PYSCFbeta: Quantum chemistry calculations on GPU

Message boards : News : PYSCFbeta: Quantum chemistry calculations on GPU
Message board moderation

To post messages, you must log in.

Previous · 1 . . . 8 · 9 · 10 · 11 · 12 · 13 · 14 · Next

AuthorMessage
Ian&Steve C.

Send message
Joined: 21 Feb 20
Posts: 1116
Credit: 40,839,470,595
RAC: 6,423
Level
Trp
Scientific publications
wat
Message 61237 - Posted: 11 Feb 2024, 3:30:21 UTC - in response to Message 61236.  

Ian, are you saying that even after you've set DCF to a low value in the client_state file that it is still escalating?
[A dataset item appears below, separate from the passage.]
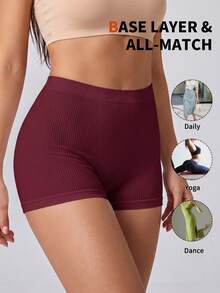 High Waist Breathable Elastic Comfortable Soft Seamless Boys Pants, Minimalist Design Women's Ribbed Underwear - Underwear & Panties Essentials - Burgundy - View 2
I set mine to 0.02 a month ago and it is still hanging around there now that I looked at the hosts here.


my DCF was set to about 0.01, and my tasks were estimating that they would take 27hrs each to complete.

i changed the DCF to 0.0001, and that changed the estimate to about 16mins each.
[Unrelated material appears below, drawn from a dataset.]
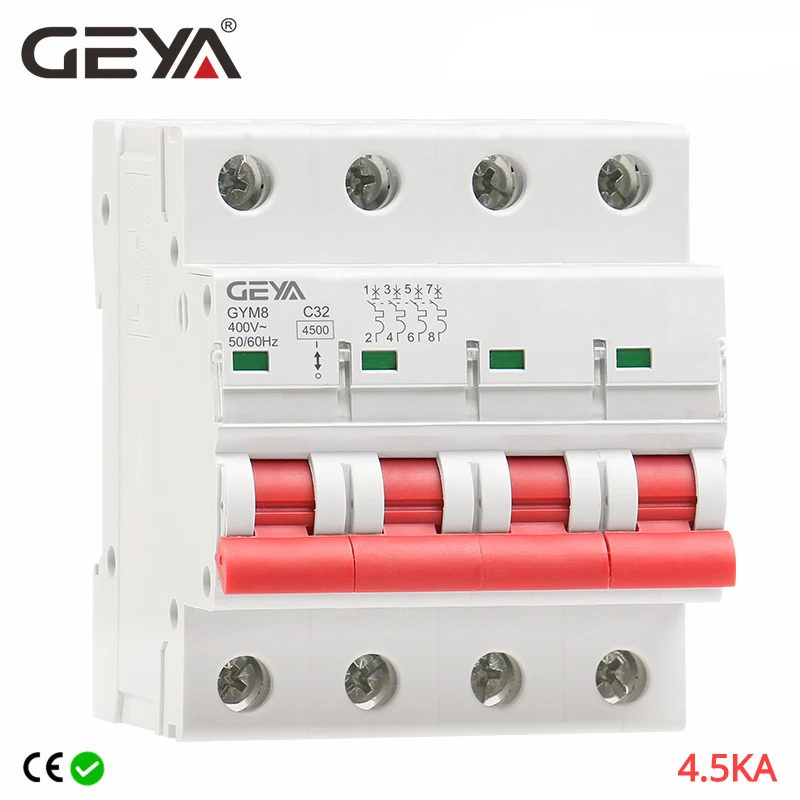 

GEYA GYM8 4Pole Mini Circuit Breaker 6A-63A Din Rail MCB with ON OFF Indiactor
then after a short time i noticed that the time to completion estimate was going up again, reaching back to 27hrs again. i checked DCF and it's back to 0.01.
ID: 61237 · Rating: 0 · rate: Rate + / Rate - Report as offensive     Reply Quote
Profile ServicEnginIC
Avatar

Send message
Joined: 24 Sep 10
Posts: 592
Credit: 11,972,186,510
RAC: 1,447
Level
Trp
Scientific publications
watwatwatwatwatwatwatwatwatwatwatwatwatwatwatwatwatwatwatwatwatwatwatwat
Message 61238 - Posted: 11 Feb 2024, 15:35:28 UTC - in response to Message 61223.  
Last modified: 11 Feb 2024, 15:46:18 UTC

First, it’s well known at this point that these tasks require a lot of VRAM. So some failures are to be expected from that. The VRAM utilization is not constant, but spikes up and down. From the tasks running on my systems, loading up to 5-6GB and staying around that amount is pretty normal, with intermittent spikes to the 9-12GB+ range occasionally. Just by looking at the failure rate of different GPUs, I’m estimating that most tasks need more than 8GB (>70%), a small amount of tasks need more than 12GB (~5%), and a very small number of them need even more than 16GB (<1%). A teammate of mine is running on a couple 2080Tis (11GB) and has had some failures but mostly success.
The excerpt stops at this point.